Outro ponto de discussão está na intenção de diminuir ao máximo as atividades do posto de serviço das equipes, os “boxes” do Mundial de Rali. Os chefes de equipes estão horrorizados com a idéia. “Não podemos abrir mão do posto de serviço. É onde mostramos nossa marca, nossos pilotos e nosso carro ao grande público. Isto não nos custa nem um Euro a mais. Se os mecânicos trabalham em algo ou não é indiferente, eles ganharão seus salários de qualquer jeito. Nós também queremos diminuir custos, mas assim vamos economizar até morrermos por causa disso”, avalia Guy Fréquelin, diretor-chefe da Citroën.
E o pior é a maneira ditatorial com que as reformas estão sendo conduzidas. A FIA apresenta as propostas, mas não envia às coletivas do WRC nenhum representante para explicá-las ou mesmo para rebater as críticas que elas recebem. O presidente da comissão de rali da entidade, o ex-piloto Shekhar Mehta, simplesmente sumiu do mapa e ninguém consegue contactá-lo há meses. Todos os ingredientes de um golpe de estado num país latino-americano estão presentes nestas atitudes.

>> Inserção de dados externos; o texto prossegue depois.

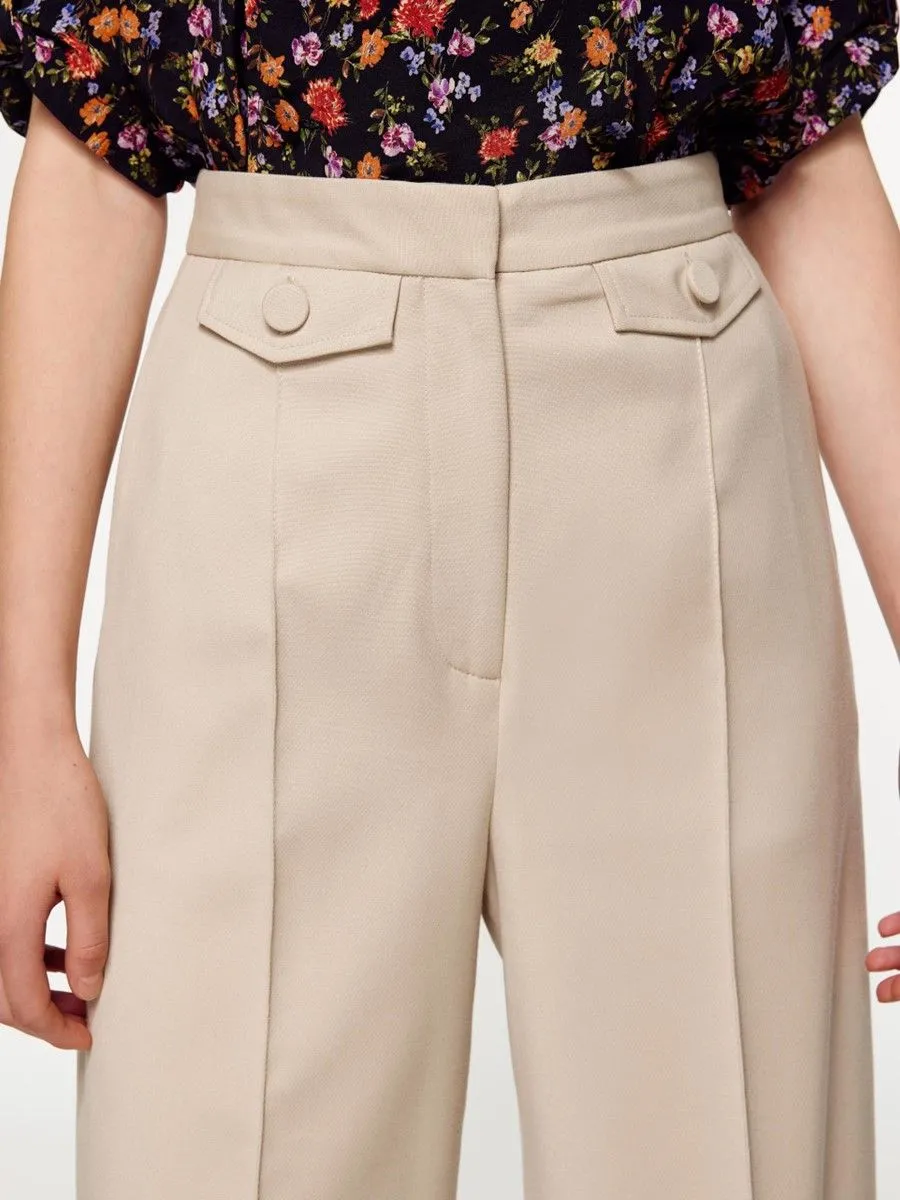 ASAVA ( SS24 ) Addison Women Straight-Leg Pants Beige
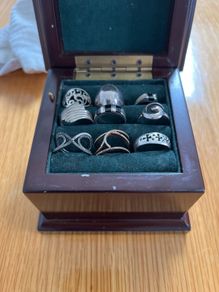 Musical Ring Box and 9 Silver Rings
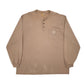Mens Brown Carhartt Henley Original Fit Long Sleeve T Shirt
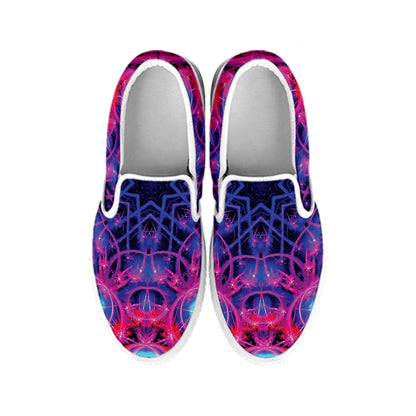 Purple And Blue Light Mandala Print White Slip On Shoes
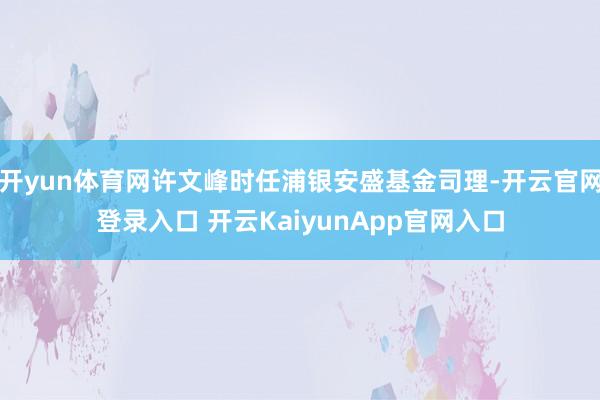 开yun体育网许文峰时任浦银安盛基金司理-开云官网登录入口 开云KaiyunApp官网入口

No fundo, é fácil entender o que a FIA quer fazer com o WRC: uma morte lenta, por asfixia. É a repetição de uma história que aconteceu há cerca de 20 anos. Na ápoca, os carros do chamado Grupo B atingiram seu auge de popularidade e desempenho, atraindo multidões para ver a disputa ao vivo e gerando enorme interesse da mídia. Em dezembro de 1986, Bernie Ecclestone, então vice-presidente da FISA, elegeu para si a coordenação da promoção do Mundial de Rali. Seu primeiro ato foi justamente banir a existência dos carros do Grupo B, alegando insegurança. Sim, as máquinas eram perigosas, mas porque não investir em itens de segurança como fizera na Fórmula 1 a partir de 1994? A medida foi início de um período claudicante do rali mundial, que só conseguiu reconquistar a excelência que merece lá por 1996, 97.

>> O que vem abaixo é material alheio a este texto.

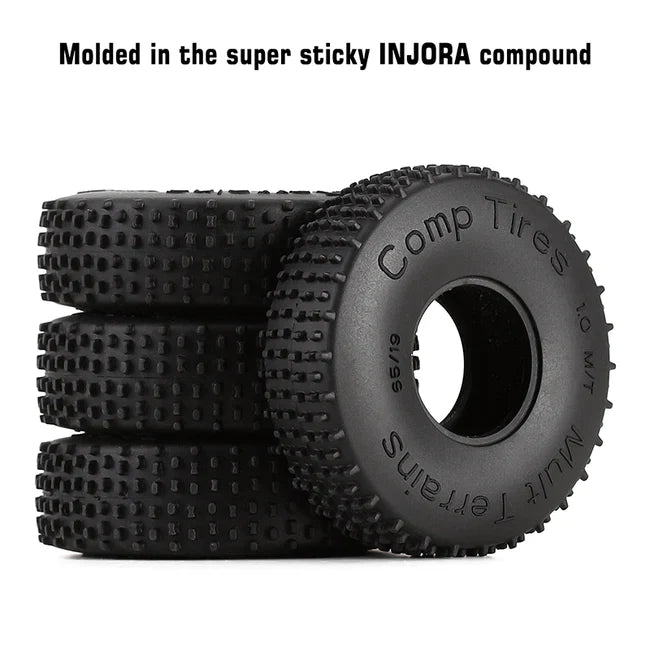 INJORA 1.0" 65*19mm Comp Pin Multi Terrains Tires for 1/24 RC Crawler Rock Buggy (4) - HeliDirect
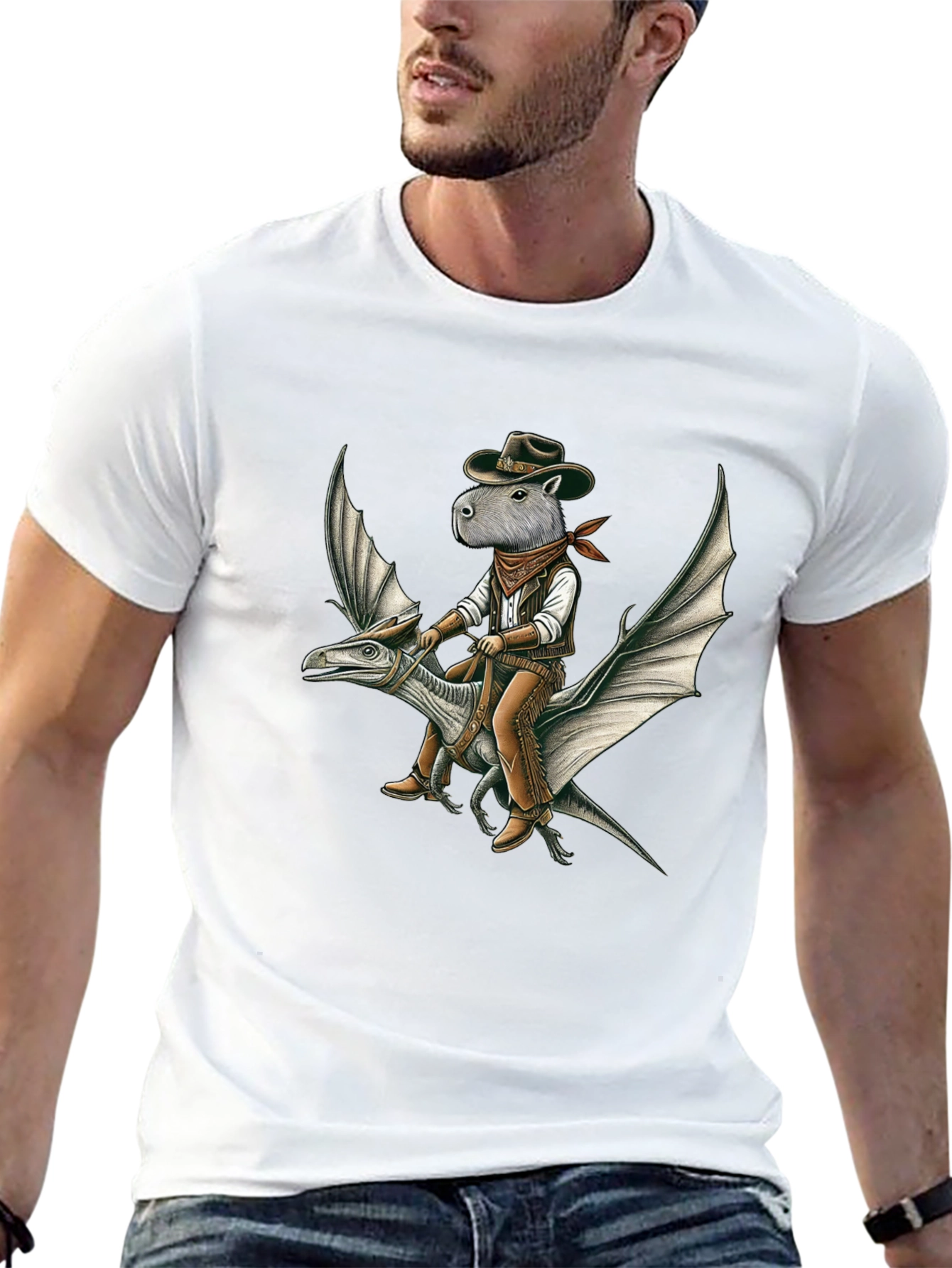 Capybara Cowboy Riding Dinosaur Graphic Tee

Bernie sempre usou a tática suja de exterminar qualquer categoria que, por suas próprias qualidades, ameaçasse a popularidade da galinha de ovos de ouro da FIA. Foi assim também com Mundial de Protótipos no início dos anos 90 ou com os carros de turismo, quando o ótimo DTM virou o mal organizado ITC em 1996. Quando estes campeonatos dão a volta por cima, lá vai o tenebroso mexer novamente seus pauzinhos para colocar as coisas no seu devido lugar. Agora é o WRC, depois vai ser o DTM e o círculo continua.

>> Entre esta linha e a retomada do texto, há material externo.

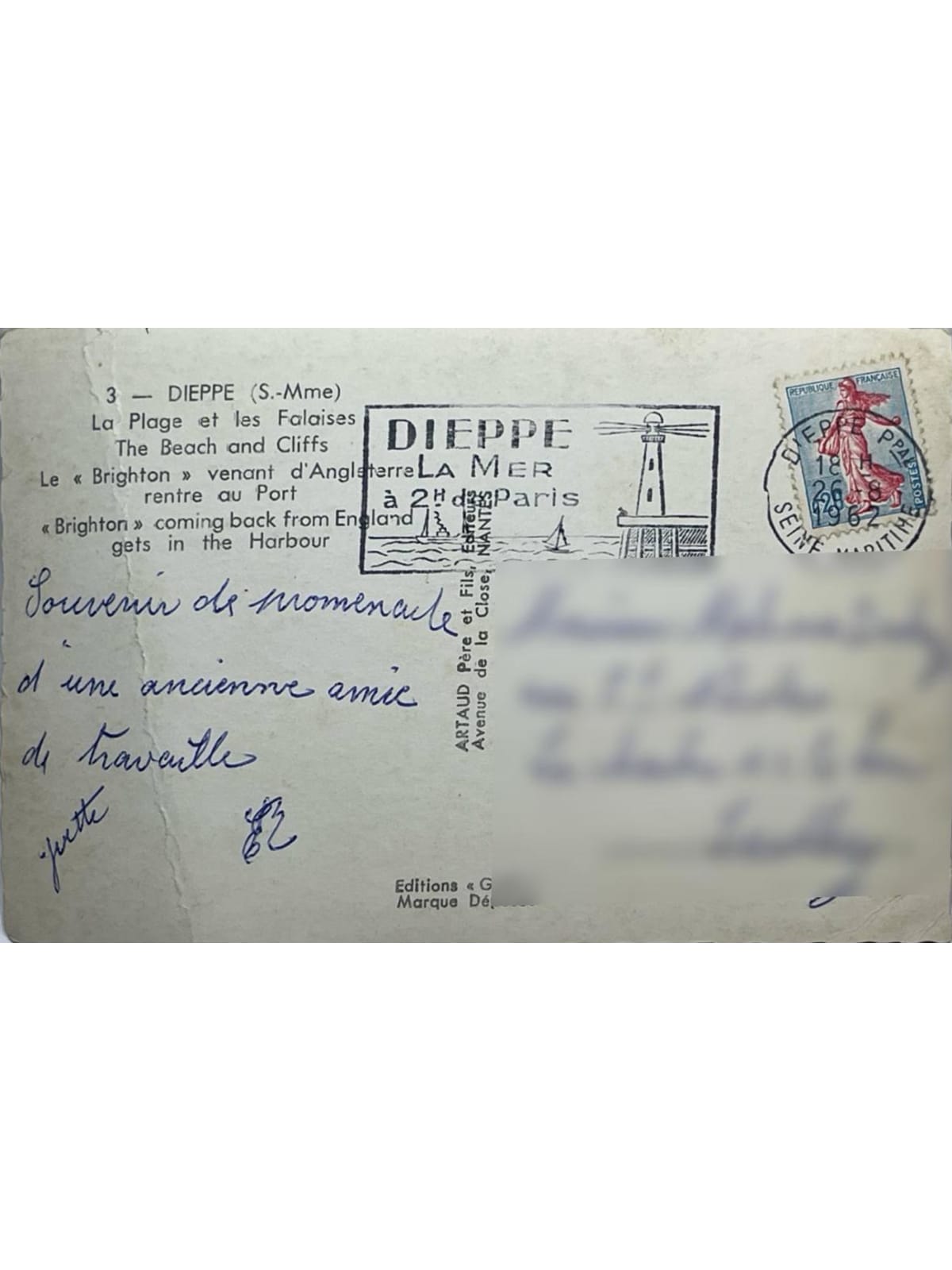 Verso de la carte postale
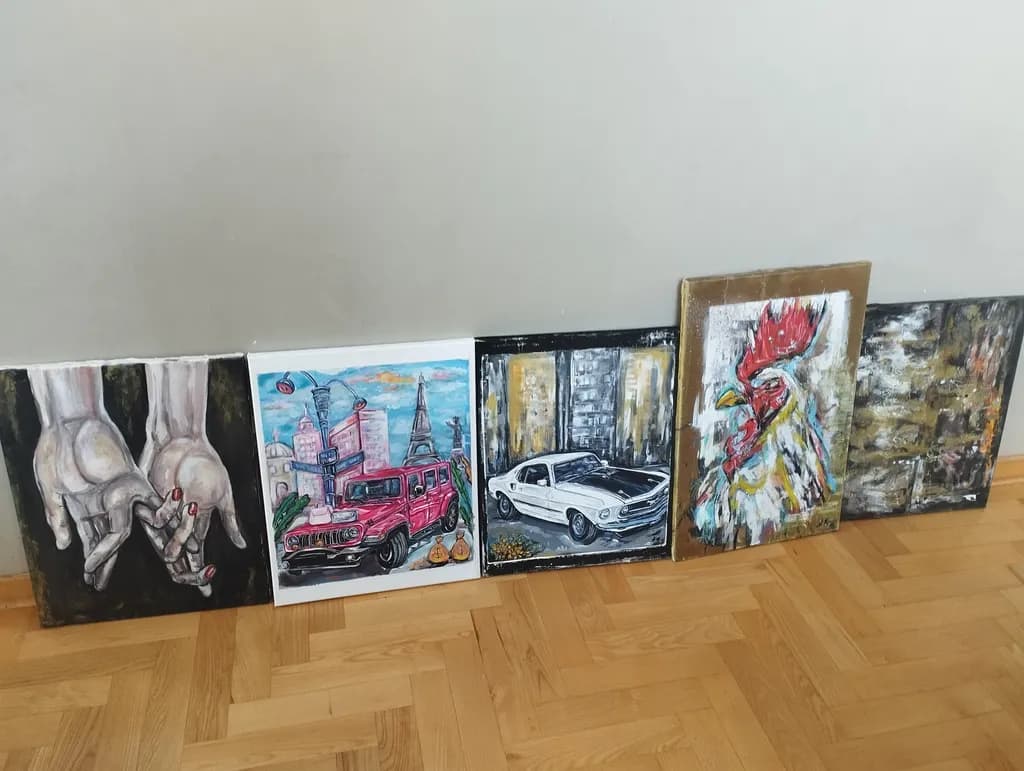 Urban Expressions: A Vibrant Collection of Contemporary Art Featuring Hands, Iconic Vehicles, and Bold Animal Portraits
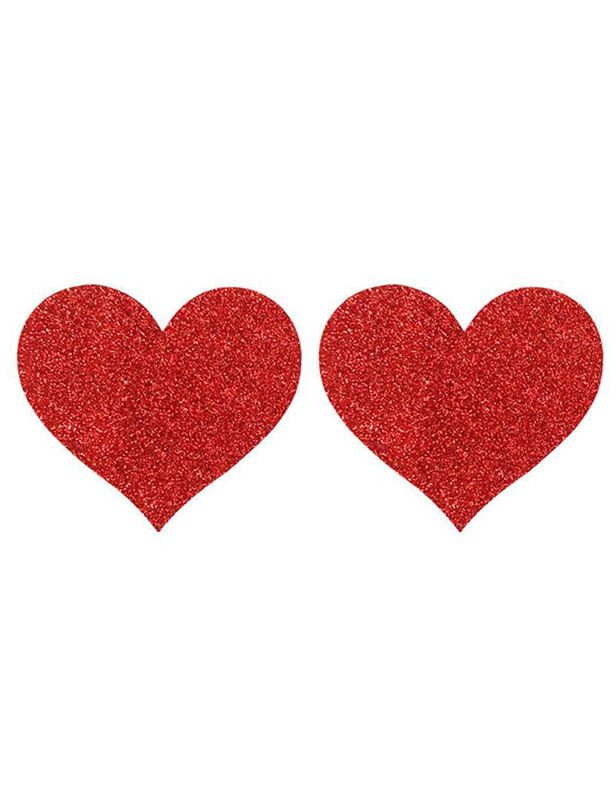 Red Glitter Heart-shaped Nipple Cover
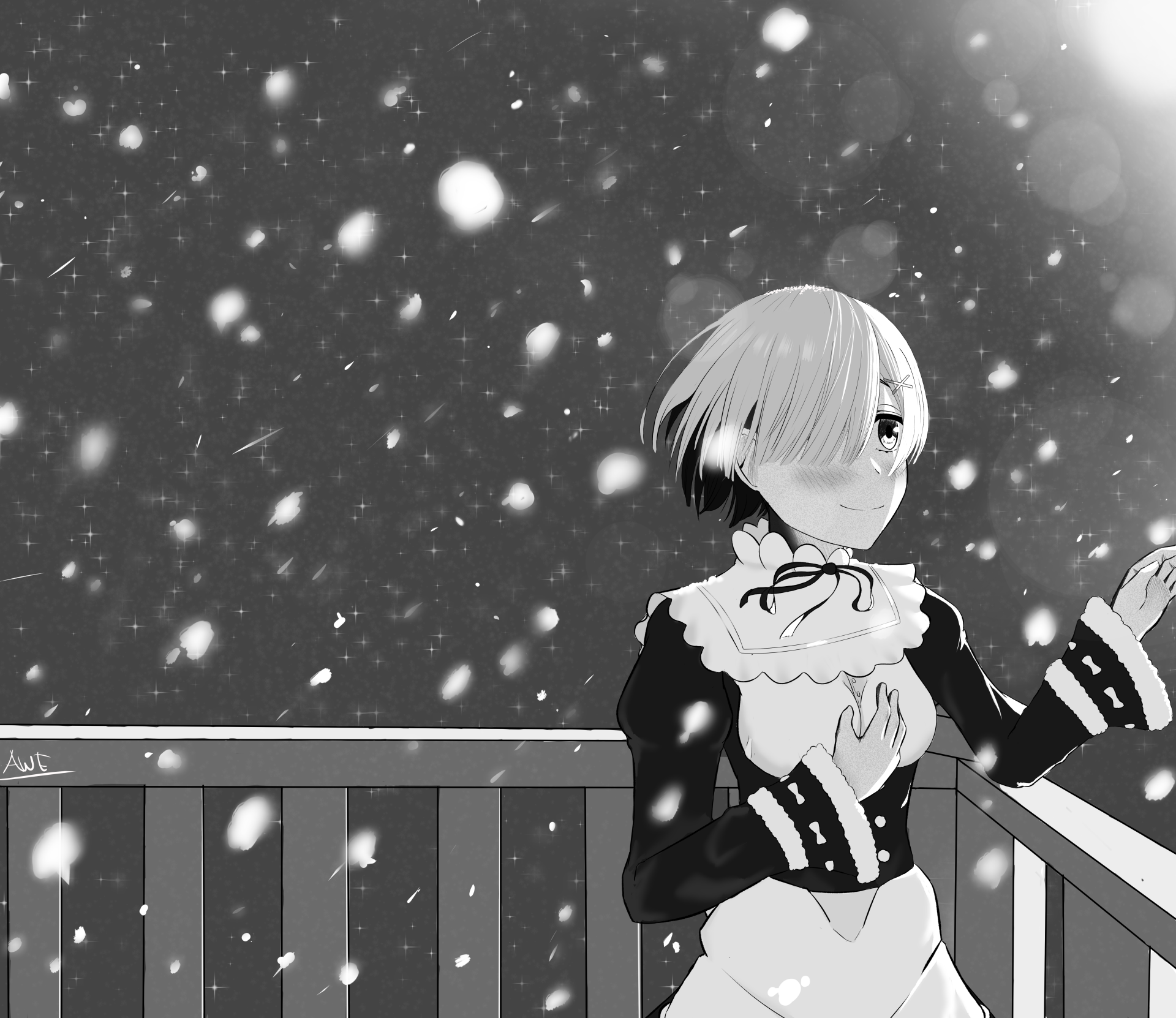Black and white 4K Ultra HD anime wallpaper featuring Rem from Re:Zero in a snowfall scene.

E ainda tem gente com coragem ou sem cérebro para elogiar este homem, criador de uma ditadura invisível que coloca o mundo diante da tela para assistir à procissão do Padre Schumacher, enquanto que o automobilismo de verdade, com ultrapassagens, disputas e arrojo floresce sem ser reconhecido em diversas pistas e estradas espalhadas pelo mundo.